Zusammenfassend lässt sich sagen, dass mit dem schwer fassbaren, über die Zeit veränderlichen Begriff KI keine klare Abgrenzung möglich ist, welche Verfahrensgruppen bzw. Systeme darunterfallen und welche nicht. Folglich ist KI in

erster Linie als Arbeitsbegriff zu verwenden, der aus heutiger Sicht mit Blick auf die operative Komponente des maschinellen Lernens eine neuartige Engineeringmethode mit anderen Eigenschaften als konventionelle Systeme beschreibt. Diese Eigenschaften gehen überwiegend auf den dateninferierten Entwicklungsprozess zurück. Vorliegen sowie Ausprägung dieser Eigenschaften unterscheiden sich zwischen verschiedenen KI-Verfahren und sind bei datengetriebenem Vorgehensweisen wie neuronalen Netzen besonders ausgeprägt. Die vorgenommene Beschreibung der Eigenschaften von KI-Systemen erfolgte ausschließlich mit Blick auf ihre mögliche Bedeutsamkeit für deren sicheren Einsatz und bildet die Grundlage für die im folgenden Kapitel dargestellte Taxonomierung. Nicht sicherheitsbezogene Eigenschaften, die als wünschenswert oder gar zwingend erforderlich erachtet werden können (bspw. Fairness, Diskriminierungsfreiheit oder Nachhaltigkeit), blieben dabei unberücksichtigt.
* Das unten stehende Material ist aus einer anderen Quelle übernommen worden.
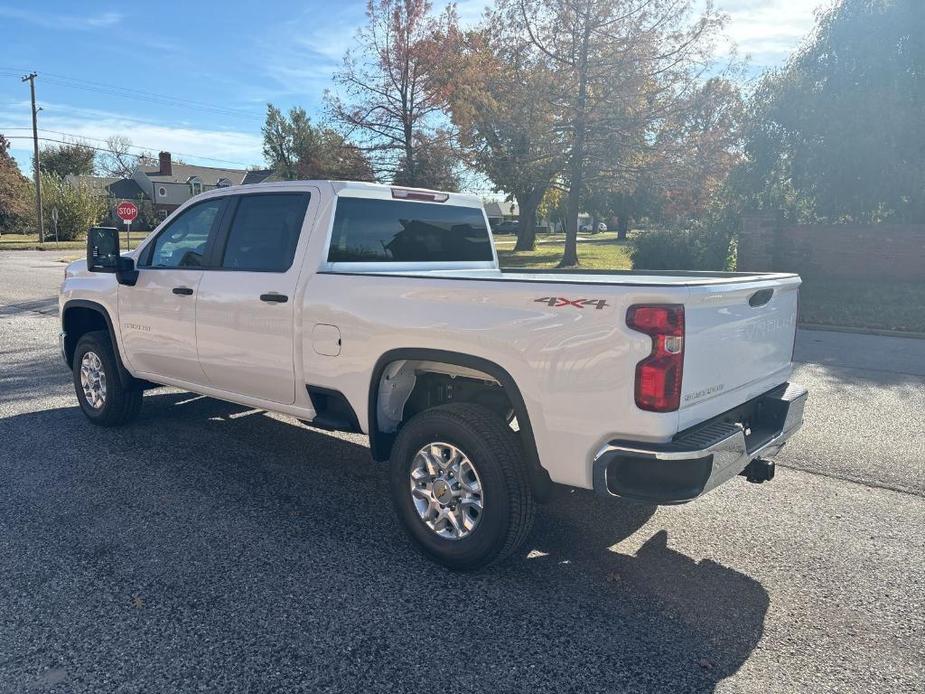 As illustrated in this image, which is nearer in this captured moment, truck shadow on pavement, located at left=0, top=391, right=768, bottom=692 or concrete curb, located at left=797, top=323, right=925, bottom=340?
truck shadow on pavement, located at left=0, top=391, right=768, bottom=692

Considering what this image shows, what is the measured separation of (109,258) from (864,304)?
46.8 feet

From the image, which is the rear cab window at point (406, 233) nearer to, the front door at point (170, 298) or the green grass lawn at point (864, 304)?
the front door at point (170, 298)

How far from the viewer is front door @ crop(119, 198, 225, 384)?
519 centimetres

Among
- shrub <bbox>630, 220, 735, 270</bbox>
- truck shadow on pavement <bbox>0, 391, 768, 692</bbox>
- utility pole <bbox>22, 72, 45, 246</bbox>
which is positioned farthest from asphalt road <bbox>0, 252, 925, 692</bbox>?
utility pole <bbox>22, 72, 45, 246</bbox>

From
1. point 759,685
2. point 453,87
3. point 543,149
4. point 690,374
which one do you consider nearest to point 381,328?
point 690,374

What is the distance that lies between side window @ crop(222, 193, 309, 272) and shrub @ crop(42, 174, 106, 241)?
50.7 m

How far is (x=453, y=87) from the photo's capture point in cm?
2492

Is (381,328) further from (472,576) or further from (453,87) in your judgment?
(453,87)

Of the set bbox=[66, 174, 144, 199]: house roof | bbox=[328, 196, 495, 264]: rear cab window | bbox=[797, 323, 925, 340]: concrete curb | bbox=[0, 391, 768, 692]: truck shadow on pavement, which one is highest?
bbox=[66, 174, 144, 199]: house roof

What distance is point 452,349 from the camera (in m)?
3.65

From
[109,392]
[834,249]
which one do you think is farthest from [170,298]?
[834,249]

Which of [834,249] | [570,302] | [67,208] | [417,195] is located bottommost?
[570,302]

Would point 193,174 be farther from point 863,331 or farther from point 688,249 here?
point 863,331

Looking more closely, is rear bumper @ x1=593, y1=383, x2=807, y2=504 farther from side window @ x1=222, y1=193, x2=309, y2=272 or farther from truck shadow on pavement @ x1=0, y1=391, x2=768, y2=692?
side window @ x1=222, y1=193, x2=309, y2=272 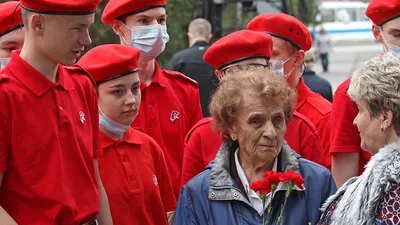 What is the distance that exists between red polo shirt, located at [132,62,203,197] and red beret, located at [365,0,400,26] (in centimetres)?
135

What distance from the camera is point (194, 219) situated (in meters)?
4.44

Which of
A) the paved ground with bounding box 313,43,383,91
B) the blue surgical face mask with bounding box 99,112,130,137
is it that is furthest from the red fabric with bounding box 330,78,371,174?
the paved ground with bounding box 313,43,383,91

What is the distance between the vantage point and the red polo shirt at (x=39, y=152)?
432 cm

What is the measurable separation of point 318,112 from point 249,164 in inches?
68.1

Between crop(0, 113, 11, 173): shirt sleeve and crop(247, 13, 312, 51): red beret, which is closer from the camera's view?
crop(0, 113, 11, 173): shirt sleeve

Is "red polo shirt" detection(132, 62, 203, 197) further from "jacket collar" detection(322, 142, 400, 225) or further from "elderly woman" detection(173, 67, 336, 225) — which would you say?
"jacket collar" detection(322, 142, 400, 225)

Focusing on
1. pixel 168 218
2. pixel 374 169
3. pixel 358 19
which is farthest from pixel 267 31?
pixel 358 19

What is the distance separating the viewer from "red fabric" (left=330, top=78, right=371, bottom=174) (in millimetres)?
5445

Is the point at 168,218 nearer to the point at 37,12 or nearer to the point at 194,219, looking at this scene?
the point at 194,219

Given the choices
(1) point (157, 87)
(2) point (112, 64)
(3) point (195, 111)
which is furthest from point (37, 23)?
(3) point (195, 111)

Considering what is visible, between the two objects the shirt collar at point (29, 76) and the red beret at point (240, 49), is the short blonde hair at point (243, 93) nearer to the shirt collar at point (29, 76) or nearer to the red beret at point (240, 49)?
the shirt collar at point (29, 76)

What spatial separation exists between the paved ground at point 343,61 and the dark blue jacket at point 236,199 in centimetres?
2266

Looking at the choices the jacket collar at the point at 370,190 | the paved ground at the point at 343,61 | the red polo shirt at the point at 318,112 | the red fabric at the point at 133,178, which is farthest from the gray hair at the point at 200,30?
the paved ground at the point at 343,61

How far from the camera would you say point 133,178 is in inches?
206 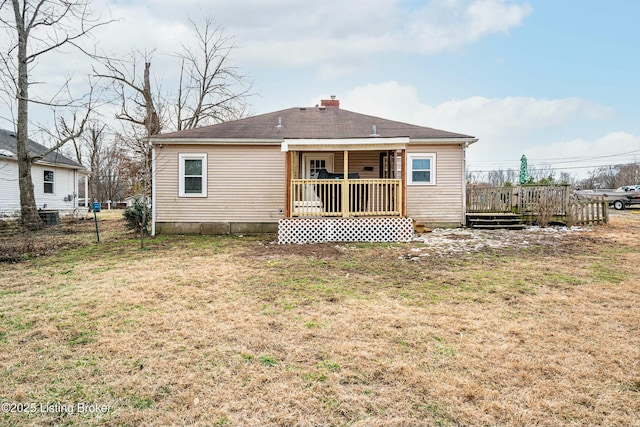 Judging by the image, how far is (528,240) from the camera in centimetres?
928

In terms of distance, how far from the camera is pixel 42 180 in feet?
57.0

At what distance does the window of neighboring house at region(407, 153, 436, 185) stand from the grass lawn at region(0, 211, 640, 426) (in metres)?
5.33

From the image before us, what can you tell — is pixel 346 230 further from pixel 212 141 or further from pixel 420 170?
pixel 212 141

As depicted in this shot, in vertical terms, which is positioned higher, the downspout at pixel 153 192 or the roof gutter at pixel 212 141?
the roof gutter at pixel 212 141

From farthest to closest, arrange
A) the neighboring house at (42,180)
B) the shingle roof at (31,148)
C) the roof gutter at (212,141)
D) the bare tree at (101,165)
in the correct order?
the bare tree at (101,165)
the shingle roof at (31,148)
the neighboring house at (42,180)
the roof gutter at (212,141)

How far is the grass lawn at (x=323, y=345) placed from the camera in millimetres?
2320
Aufgrund der besonderen Eigenschaften von KI-Systemen (bspw. mangelnde Robustheit und Transparenz aufgrund des datenbasierten Entwicklungsprozesses) kann das zur Sicherheitsargumentation erforderliche Systemverständnis nicht hinreichend herzustellt werden und damit das bei konventionellen Systemen bewährte Vorgehen des Sicherheitsnachweises nicht auf KI-Systeme übertragen werden. Ein Einsatz von Systemen, bei denen die Sicherheit nicht auf Basis des Systemverständisses verargumentiert werden kann, ist bislang nicht möglich. Die grundlegende Frage ist daher, inwieweit man vom etablierten Prozess zur Gewährleistung der Sicherheit, der für komplexere KI-Systeme nicht einsetzbar ist, abrücken kann bzw. sollte, um die mit dem Einsatz von KI erwarteten Potenziale auszuschöpfen – und wie ein neuer Prozess zu gestalten wäre. Während man entwicklungsseitig auf neue Wege zur Sicherheitsbewertung von KI-Systemen dringt, steht man in der funktionalen Sicherheit der Abkehr vom langjährig Bewährten ablehnend gegenüber. Als erforderliche Voraussetzung für eine Verbindung beider Perspektiven erscheint ein geteiltes Verständnis bei der Definition und Bewertung von Sicherheit – ob im Vergleich zu bisherigen Systemen (nicht möglich bei neuartigen Anwendungsfällen), dem Menschen (dessen Fehler anders bewertet werden als ein identischer Fehler eines Systems) oder einem anderen normativen Maßstab (bspw.

absoluten Schwellwerten). Diese zentrale Frage des Sicherheitsverständnisses, das Leitplanken für die weitere Entwicklung und Überprüfung zukünftiger KI-Systeme setzt, sollte dabei nicht nur aus technischer, sondern auch aus ethischer Perspektive betrachtet werden.